Он дал мне немного поплакать. Потом поднял на руки, легко, как младенца, и уложил обратно в кровать. Подоткнул одеяло. Пододвинул стул вплотную к кровати и запел.

— Murucututu, detras do Murundu.

Я не знаю португальского, но в тот момент это не имело значения. Пел он тихо, почти шепотом. Через некоторое время я смогла перестать плакать. Вскоре он убаюкал меня.


Наутро я проснулась с сухими глазами, исполненная решимости. Когда после полудня он присоединился ко мне в библиотеке, я была готова. Подождала, пока он усядется, затем встала и спросила:

— Кто я, папа?

— Ты моя дочь.

Я вдруг увидела, какие красивые у него ресницы, — он как будто хотел, чтобы я это заметила, дабы отвлечь меня.

Но отвлекаться я не собиралась.

— Я хочу, чтобы ты рассказал мне, как это произошло… как я появилась.

С минуту или около того он молчал. Я стояла неподвижно. Я не могла сказать, о чем он думает.

— Тогда сядь, — сказал он наконец. — Садись, садись, Это довольно долгая история.


Начал он так:

— Я не знаю, насколько ты похожа на меня, а насколько — на твою мать. — Взгляд его устремился к окну, на композицию на стене, затем обратно ко мне. — Часто, в силу твоего образа мышления, мне казалось, что ты больше походишь на меня… и что в свое время ты без подсказок поймешь то, что тебе нужно знать, чтобы выжить.

Но я не могу быть в этом уверен. — Отец скрестил руки. — Так же как и в том, что я всегда буду в состоянии защитить тебя. Полагаю, пора рассказать тебе все, с самого начала.

Он снова предупредил меня, что рассказ будет долгим, попросил меня проявить терпение и не перебивать его вопросами.

— Я хочу, чтобы ты поняла, как одно вытекало из другого, как одно событие порождало другое, — сказал он. — Как писал Набоков в своих мемуарах: «Позвольте мне взглянуть на моего демона объективно».

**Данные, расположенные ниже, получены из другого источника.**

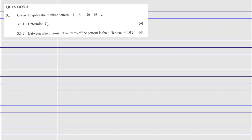The first thing we need to do is rewrite the sequence: negative 4, negative 6, negative 10, negative 16. Now we find the first differences. Negative 16 minus negative 10 gives us negative 6. Negative 10 minus negative 6 gives us negative 4. Negative 6 minus negative 4 gives us negative 2. Those are all the first differences.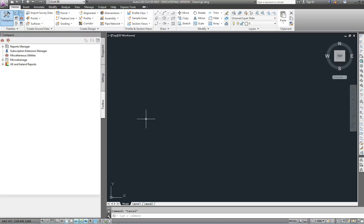In this video I'm going to show you how to import an AutoCAD drawing of a site and then automatically create points in it so that the surface and contours can be produced using Civil 3D.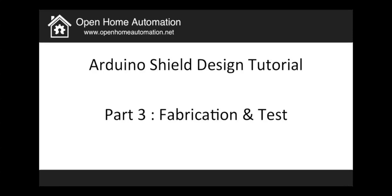Hey guys, it's Marco Schwartz for the Open Home Automation website and this is the last part of my tutorial about the Arduino shield design tutorial. In this last part I will talk about the fabrication of the shield and the test.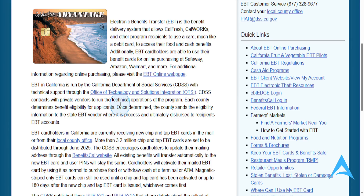what you do is follow the instructions provided by your EBT card issuer or Google Pay to add your EBT card to your Google Pay account. This process may actually vary depending on your EBT card issuer, so be sure to consult their website or app for the specific instructions. But otherwise, it's really that easy and simple.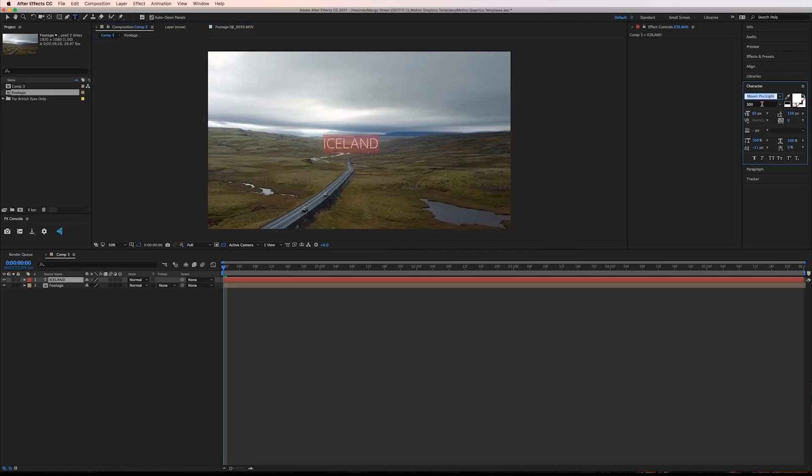Two things that will be consistent across these three titles we're making is the font size will be small and the character tracking will be huge. I'll make the font size 43 pixels and the tracking all the way up to 1000 pixels.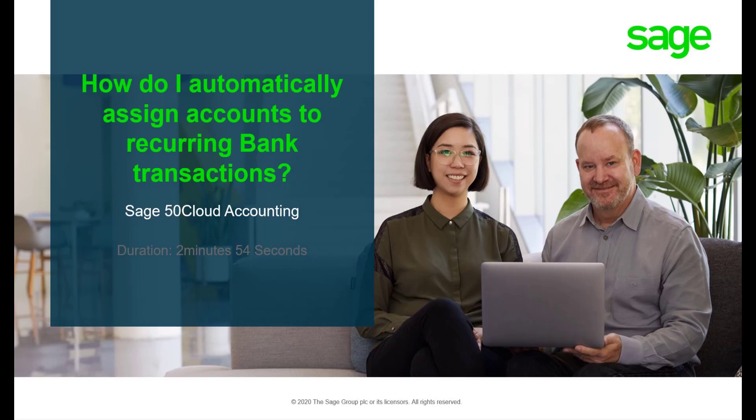Hello. Welcome to the Sage 50 Cloud Pastel how-to video. In this video we will demonstrate how to set up account mapping so transactions can be automatically assigned to accounts when using Bank Manager or Bank Feeds in Sage 50 Cloud Pastel.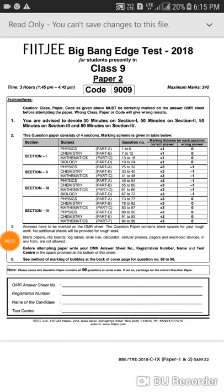Hi friends, welcome to my channel Complex Cinema. Today in this video I will be telling you 50 Big Bang ATEST 2018 Class 9 Paper 2 questions with answers. In the previous video I told you the answers of Paper 1, and if you haven't seen those answers, I've given its link in the description below.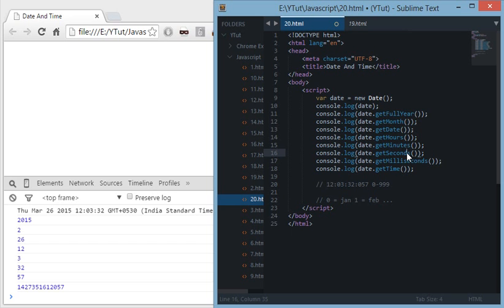And look at them, and they are not much of useful, but using all these methods you can technically do everything you want to do with date. So this tutorial was about date and time in JavaScript and I hope you like the tutorial. Don't forget to subscribe and yeah, happy dating!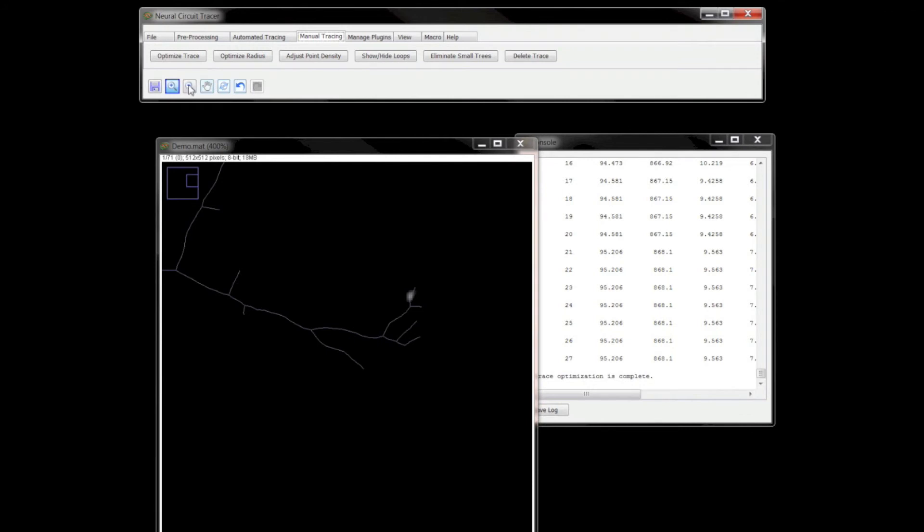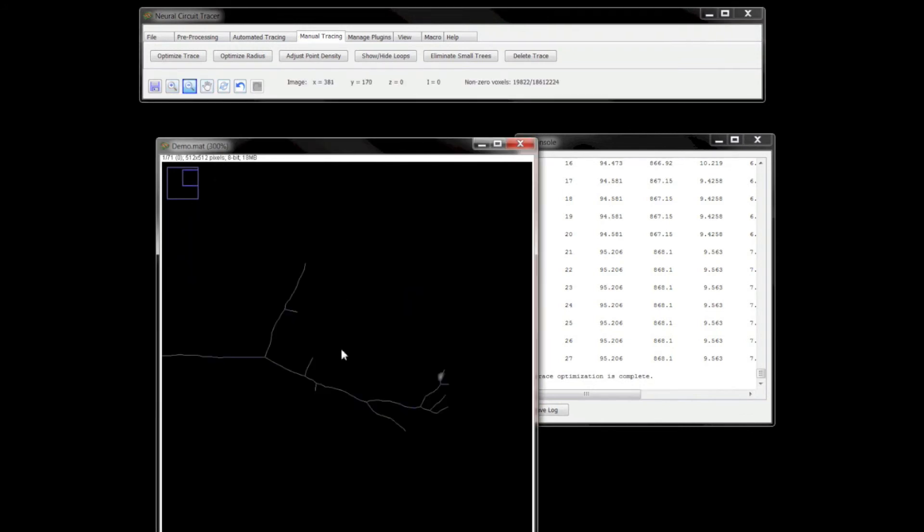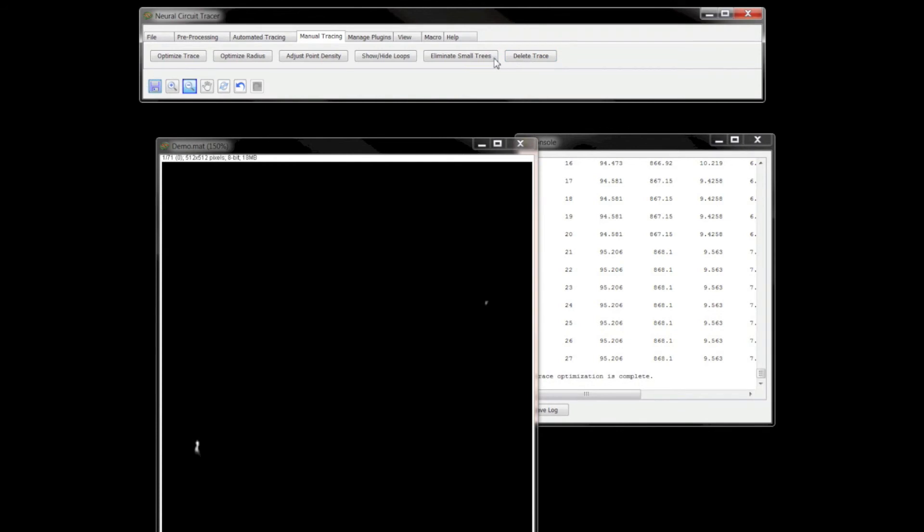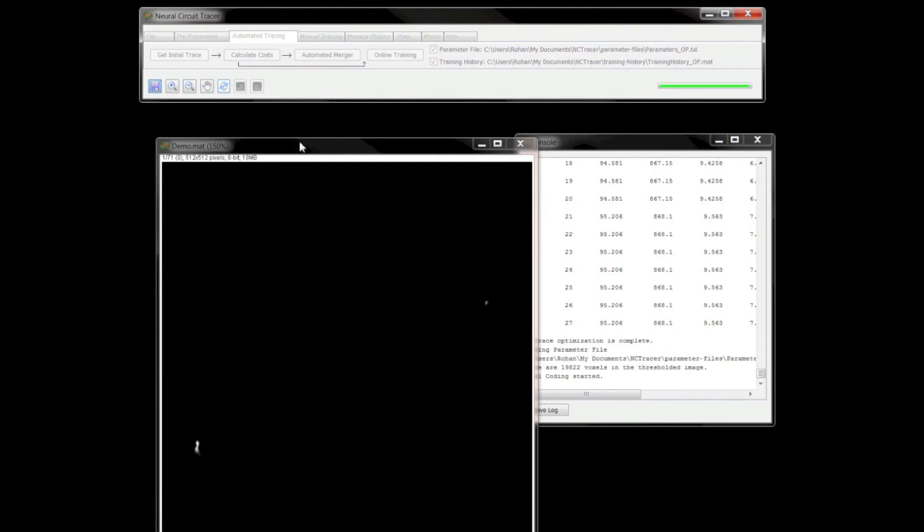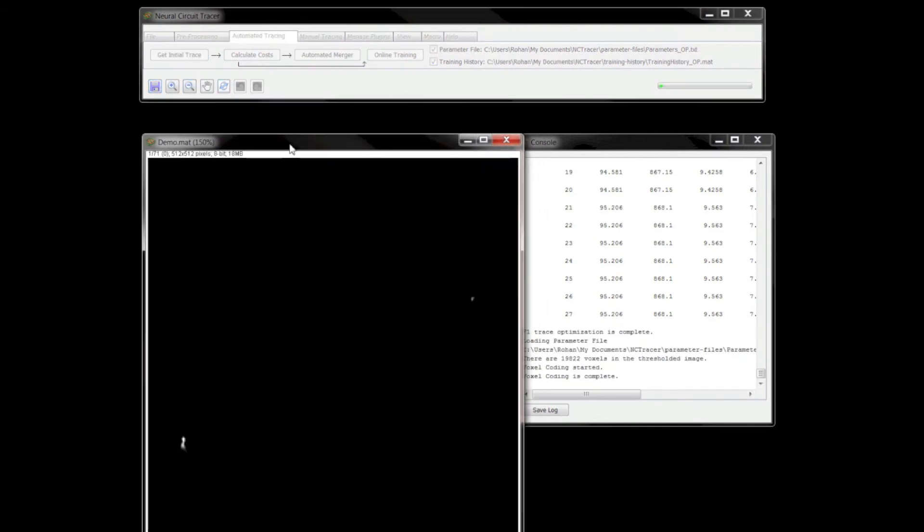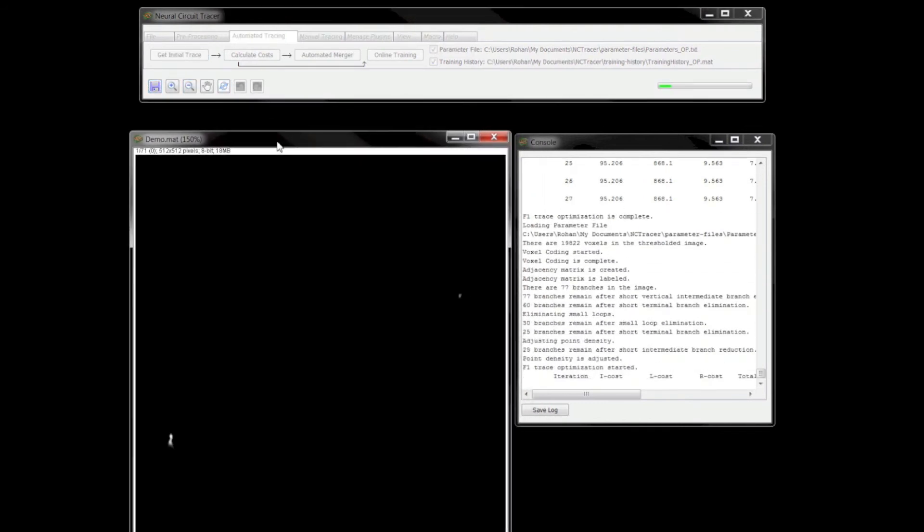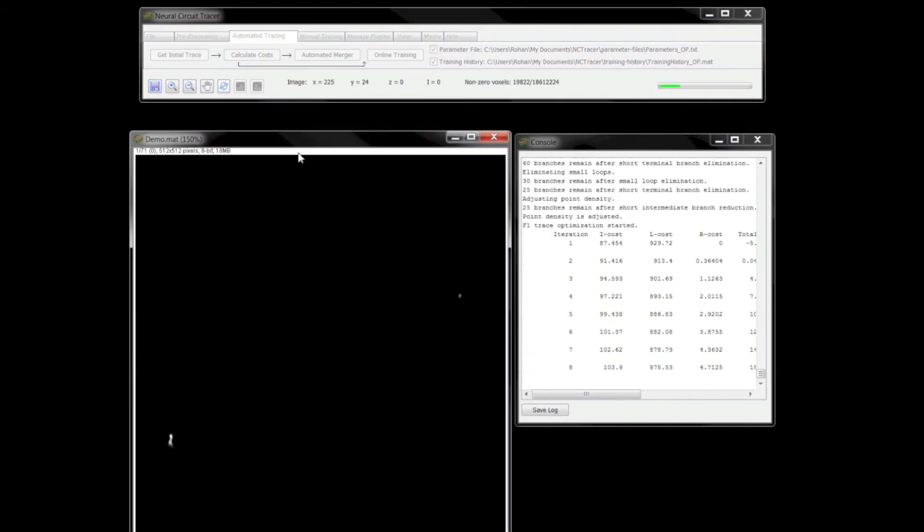Let me delete this trace and generate one automatically using the Get Initial Trace button under the Automated Tracing tab. This operation requires that the image has been preprocessed appropriately, which it has already been in this case.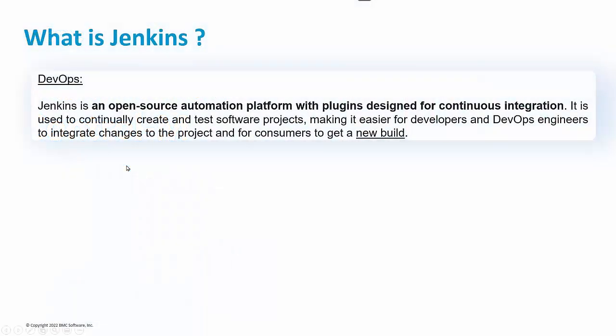I'm going to present the CtrlM Jenkins job type made using Application Integrator.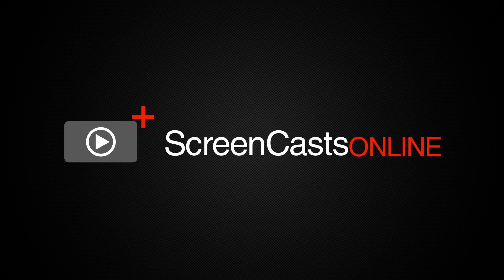We have a new presenter for you this week, Lee Garrett. Lee is a fellow Englishman and you'll be familiar with the name as he's now a regular contributor to the ScreenCastsOnline monthly magazine. Well versed in all things Mac and iOS, Lee will be joining the regular roster of ScreenCastsOnline presenters, so I hope you'll join me in welcoming Lee to ScreenCastsOnline.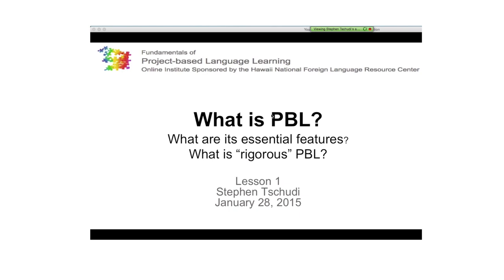participating in our very tropical Fundamentals of Project-Based Language Learning Online Institute. This is day one out of five live sessions. Since you joined the cohort that is doing all of this together, you're live with all of us, and we're going to take you through a couple of what we're calling lessons.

— Да, — сказала я, — я хочу понять.

И он рассказал мне историю, которую я вставила в начало этих записок, историю о вечере в Саванне. О троих мужчинах, игравших в шахматы. О странной близости между папой и мамой. О калитке, реке, шали. И, закончив, он рассказал мне эту историю заново, добавив подробности. Мужчины за шахматным столом были его товарищи, выпускники Виргинского университета, приехавшие в Саванну на выходные.

Один был Деннис. Другого звали Малкольм.

Папа родился в Аргентине. Своего отца не знал, но ему сказали, что он был немцем. Его родители никогда не были женаты. Фамилия Монтеро досталась ему от матери-бразильянки, умершей вскоре после его рождения.

Я спросила о маме:

— Ты говорил ей, что видел ее раньше.

— Странное совпадение, — сказал он. — Да, мы встречались, когда были детьми. Моя тетя жила в Джорджии. Я встретил твою мать однажды летом после обеда на острове Тайби, и мы вместе играли в песке. Мне было шесть. Ей — десять. Я был ребенком, и она тоже.

Я узнала строчку из «Эннабел Ли».

— Жить у моря, после детства, проведенного в глубине материка, в Аргентине… это произвело на меня глубокое впечатление. Звуки и запахи океана дарили мне ощущение неизведанного прежде умиротворения.

Он отвернулся и снова остановил взгляд на композиции с тремя птичками.